The remaining Assignments of Error deal with the Court’s charge to the jury. Generally speaking, the correctness of a Court’s charge to a large extent depends upon the proof adduced before the jury. This case must be retried and just what proof will be produced at that trial is a matter of some speculation. For us to rule on the alleged errors in this charge based on the proof now before us would be both futile and advisory. Therefore, we preter-mit ruling upon the remaining Assignments of Error.

However, we are constrained to comment upon one of them. Counsel for appellant faults the Trial Judge for not charging the jury the doctrine of comparative negligence, that is, the principle that damages are to be assessed and offset upon a scale of degrees of negligence of the plaintiff and the defendant. Such is not the Tennessee rule for the assessment of damages and we cannot help but wonder how a minor, as in this case, is better off under some sort of “comparative negligence” law rather than Tennessee law which presumptively places this minor plaintiff’s capabilities for negligence at “0”.

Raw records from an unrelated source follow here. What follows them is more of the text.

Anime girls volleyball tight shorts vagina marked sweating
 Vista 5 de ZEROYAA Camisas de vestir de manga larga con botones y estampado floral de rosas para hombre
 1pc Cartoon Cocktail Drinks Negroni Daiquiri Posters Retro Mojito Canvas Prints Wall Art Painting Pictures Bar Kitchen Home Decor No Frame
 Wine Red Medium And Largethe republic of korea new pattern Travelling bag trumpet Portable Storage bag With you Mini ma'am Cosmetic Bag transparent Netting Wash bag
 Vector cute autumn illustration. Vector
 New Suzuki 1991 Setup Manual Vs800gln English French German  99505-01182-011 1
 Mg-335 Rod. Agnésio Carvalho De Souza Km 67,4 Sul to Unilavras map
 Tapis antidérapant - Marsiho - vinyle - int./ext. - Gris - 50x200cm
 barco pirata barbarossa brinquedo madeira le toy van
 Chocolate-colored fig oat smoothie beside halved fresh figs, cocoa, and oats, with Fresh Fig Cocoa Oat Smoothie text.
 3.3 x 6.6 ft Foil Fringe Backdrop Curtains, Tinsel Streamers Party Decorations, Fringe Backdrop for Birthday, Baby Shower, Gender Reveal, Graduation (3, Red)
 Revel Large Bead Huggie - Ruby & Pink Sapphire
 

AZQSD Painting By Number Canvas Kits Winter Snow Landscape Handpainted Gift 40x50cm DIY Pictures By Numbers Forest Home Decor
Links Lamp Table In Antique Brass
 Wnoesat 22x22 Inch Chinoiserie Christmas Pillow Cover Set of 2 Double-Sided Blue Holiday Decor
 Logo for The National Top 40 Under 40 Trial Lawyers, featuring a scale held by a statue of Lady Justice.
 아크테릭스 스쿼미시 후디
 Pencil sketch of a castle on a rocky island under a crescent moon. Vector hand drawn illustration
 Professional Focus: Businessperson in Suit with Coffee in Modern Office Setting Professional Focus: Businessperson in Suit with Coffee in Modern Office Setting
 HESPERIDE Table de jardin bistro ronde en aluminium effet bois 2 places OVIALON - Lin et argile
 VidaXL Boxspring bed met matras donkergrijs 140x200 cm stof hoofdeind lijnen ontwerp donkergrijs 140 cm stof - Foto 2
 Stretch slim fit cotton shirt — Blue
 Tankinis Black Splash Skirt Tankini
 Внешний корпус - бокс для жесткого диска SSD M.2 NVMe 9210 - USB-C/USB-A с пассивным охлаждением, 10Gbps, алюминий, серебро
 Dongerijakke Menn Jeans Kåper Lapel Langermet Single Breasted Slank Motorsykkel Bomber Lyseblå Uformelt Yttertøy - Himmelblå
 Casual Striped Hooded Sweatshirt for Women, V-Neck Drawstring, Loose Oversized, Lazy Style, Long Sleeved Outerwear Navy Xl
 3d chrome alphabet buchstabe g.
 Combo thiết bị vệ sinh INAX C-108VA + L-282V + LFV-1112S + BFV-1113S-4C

For the reasons given, the judgment below is reversed and the case remanded for a new trial with costs there to await the outcome of the new trial.

Costs of appeal are adjudged against ap-pellee.

Honorable Lloyd Tatum, by designation of the Supreme Court of Tennessee, took part in the hearing of this appeal in the absence of Judge Kirby Matherne.

Done at Jackson in the two hundred and second year of our Independence and in the one hundred and eighty-third year of our Statehood.

SUMMERS, J., and TATUM, Special Judge, concur.